Benjamin 56 was a director in a telecommunication company in far away East Africa before he passed on in a London Hospital two weeks after involving in plane crash where he also lost his only child Bekai, on their way to the Islands for a one month vacation.
His wife Jeremy died much earlier following a protracted kidney problem which kept her in an Indian hospital for months before she eventually died, leaving her husband and their only child Bekai who was already working in research Institute in the country side, after his first degree in Statistics in a private university in London.
Benjamin, having acquired a lot of knowledge in financial management and also successful in his career had an estate plan in place for transfer of his wealth should the unexpected happen.
And as if he knew death would come to him suddenly, he had prepared a will to transfer his estate to his only child Bekai.
Unfortunately, death took him at the same time with his only son who also died on the same plane crash that took the life of Benjamin.
Bekai unfortunately did not inherit the estate that has been planned for him. But also not having a will in place, the Benjami’s estate is being contested by those who have no reason to near the estate and so may eventually become state property.
Binta Max-Gbinije, chief executive officer, Stanbic IBTC Trustees Limited, a member of Stanbic IBTC Holdings speaking at a Round Table Discussion on the Company’s latest product the “Lagacee’, otherwise called the Will said that estate planning through a Will is critical in achieving generational transfer of wealth.
Max-Gbinije said to avoid will failing as result of generational changes, like the case of the Benjamin’s, every one irrespective of age and worth of assets should have a will.
Everybody should have a will because it is the only way to guarantee that your wish is executed when you are no more, she stated.
Highlighting the benefits of a will, she said it ensures that assets of the deceased are distributed to beneficiaries according to the wishes of the deceased when he or she passes on.
She said there are two kinds of will service offered by the company – simple will service and comprehensive will.
She explained that the simple will covers the balance in a person’s Retirement Savings Account (RSA) and personal bank accounts irrespective of his or her Pension Fund Administrator (PFA) or bank, adding that the service is offered to individuals who would like to write their Wills to safeguard these assets.
Comprehensive Will, on the other hand, covers a person’s assets including real estate, cash in bank, shares, private companies and any other asset as determined.

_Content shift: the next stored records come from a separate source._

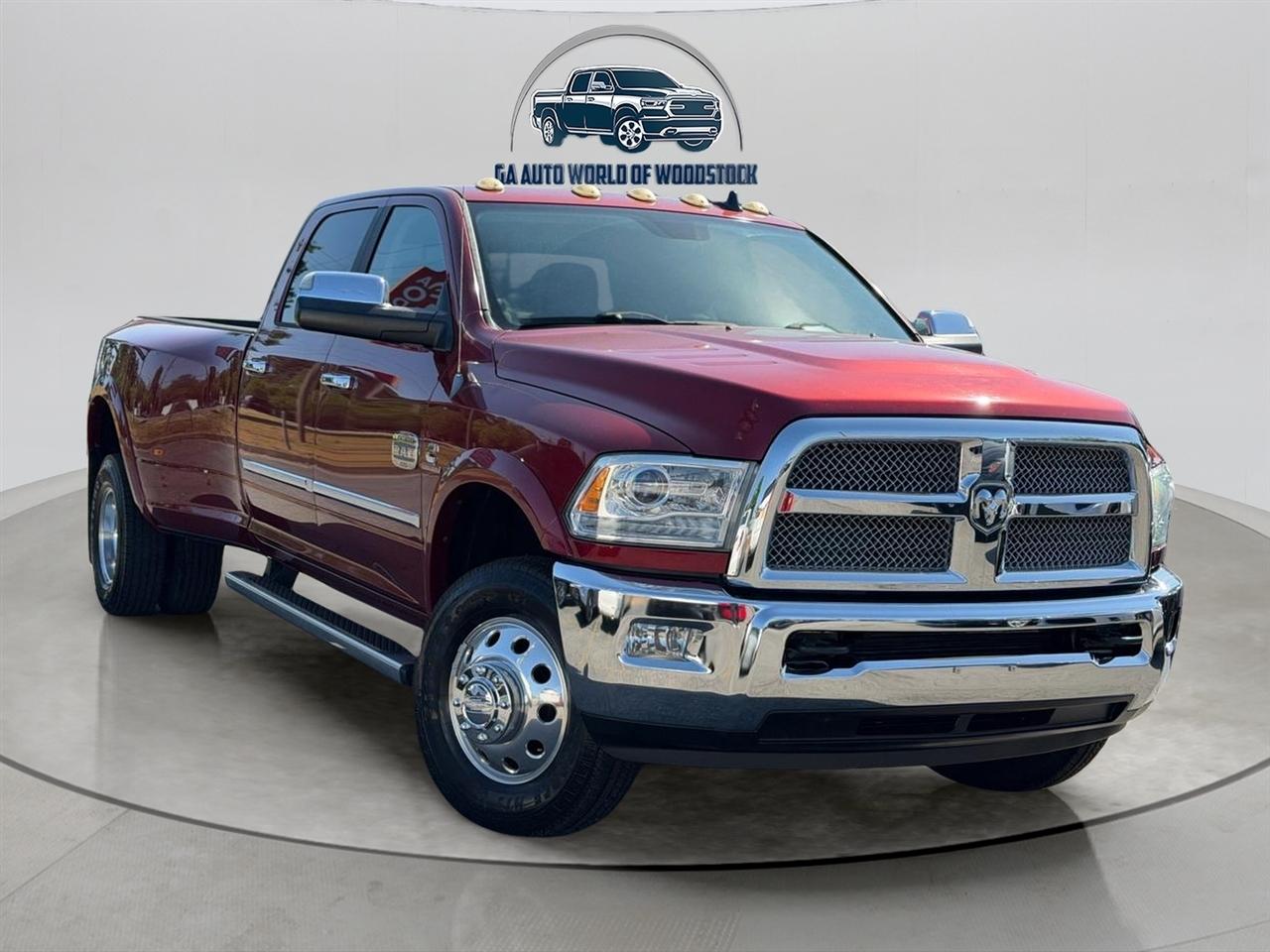 RAM 3500 Laramie Longhorn Edition Crew Cab LWB 4WD DRW 2013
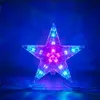 Coversage Christmas Tree Top Star Led String Fairy Lights Cutain LED Kerstmis Kerstmis Decoratie Party Garden Holiday 201006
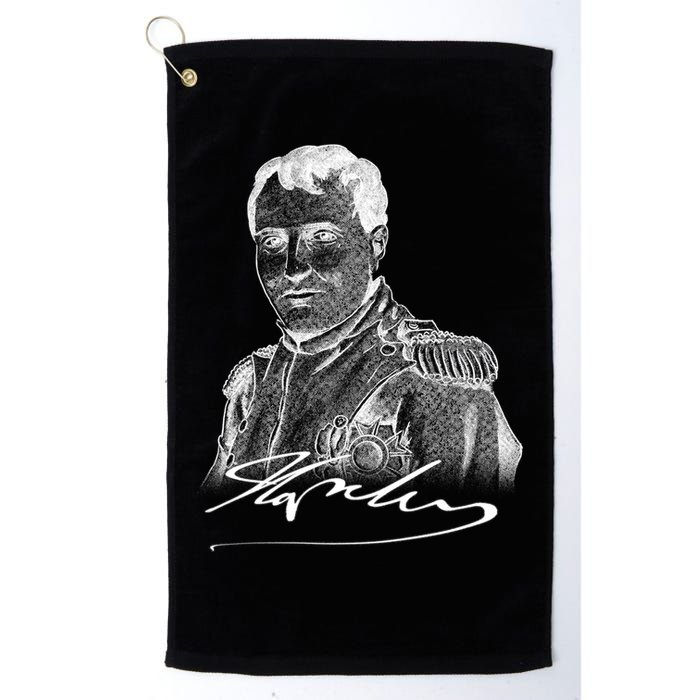 Napoleon Portrait And Signature Golf Towel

Accidents, misfortunes, natural disasters and other unfortunate events happen every day and no one is completely shielded from these incidents. Since we cannot tell if and when such incidents will happen, wisdom dictates we make plans for such eventualities.
According to industry statistics, only 1 percent of learned Nigerians have a WILL in place, which means that many of us would be creating problem to our families and dependants should the unexpected occur today.
Make the plan today, be responsible by writing a WILL or set up a Trust so it is easier to know who your beneficiary is(are). Note that there is a difference between your Next-of-Kin (NOK) and your beneficiary (ies). Many people including pension contributors keep asking what age and at what point should somebody write a will. This article is intended to open the eyes of many who think ‘WILL’ is old people, rich people or those nearing retirement.
In simple terms, it is for everybody as long as you have asset or investment that you could transfer to a beneficiary or beneficiaries. Specifically, if you are contributing to pensions, this advice is for you.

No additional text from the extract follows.